====== Data excerpt

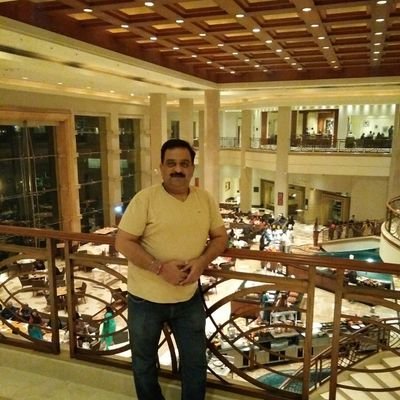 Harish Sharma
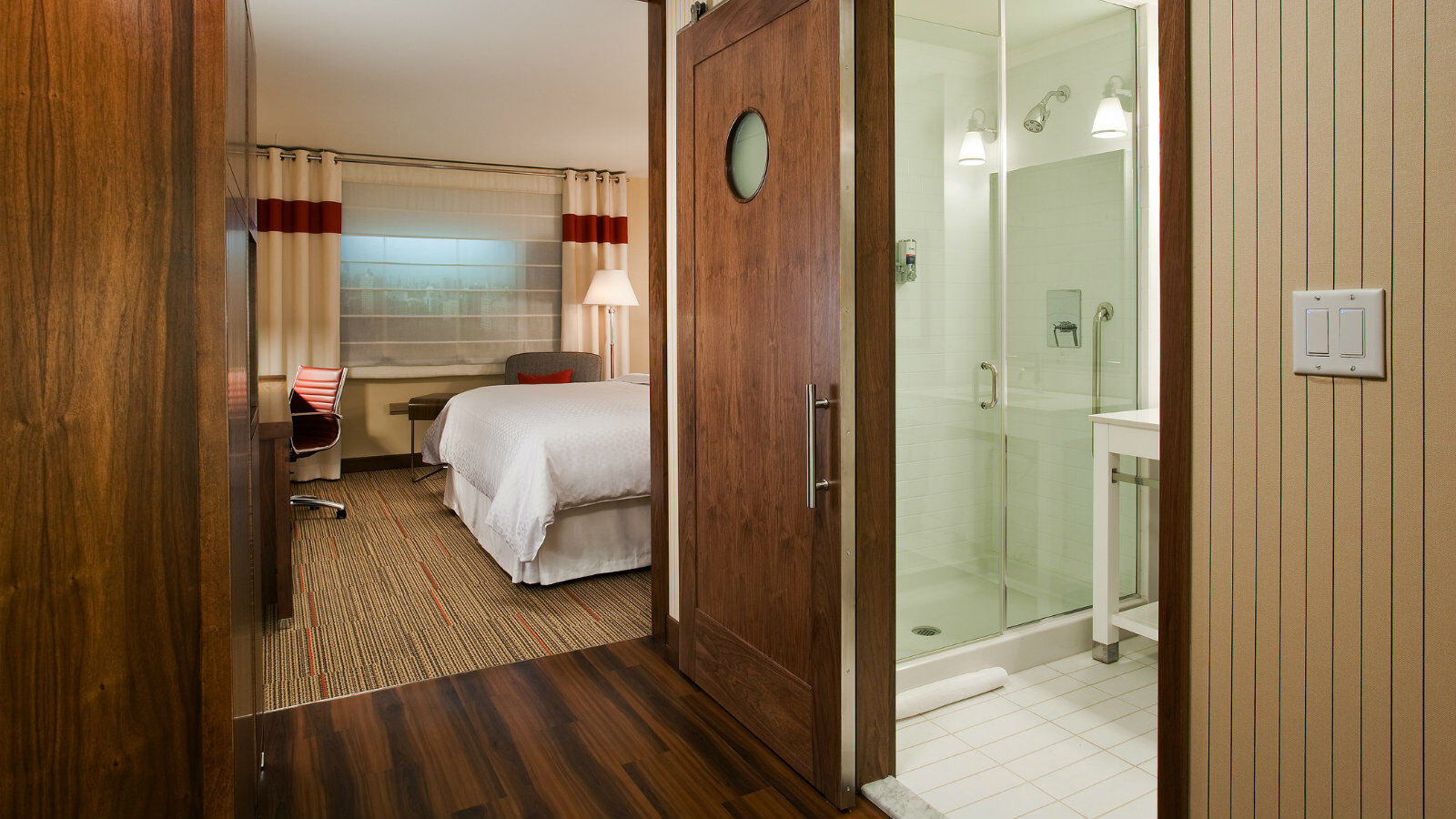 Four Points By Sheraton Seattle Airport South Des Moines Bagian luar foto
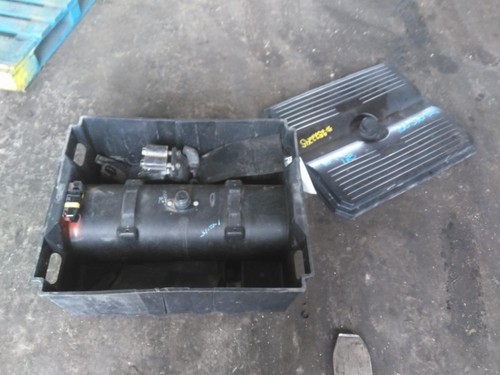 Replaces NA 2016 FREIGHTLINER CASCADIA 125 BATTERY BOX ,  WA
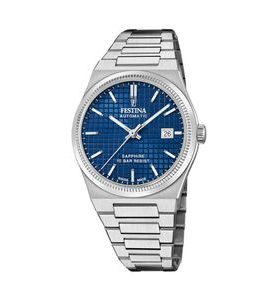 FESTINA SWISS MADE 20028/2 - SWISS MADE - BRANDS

============

**Requirement:** Only one thing is required here: an exact copy of the lines from the one bearing "Replaces NA 2016" through the final line above, both included, with pictures left out.

**Reply:**
 Replaces NA 2016 FREIGHTLINER CASCADIA 125 BATTERY BOX ,  WA
 FESTINA SWISS MADE 20028/2 - SWISS MADE - BRANDS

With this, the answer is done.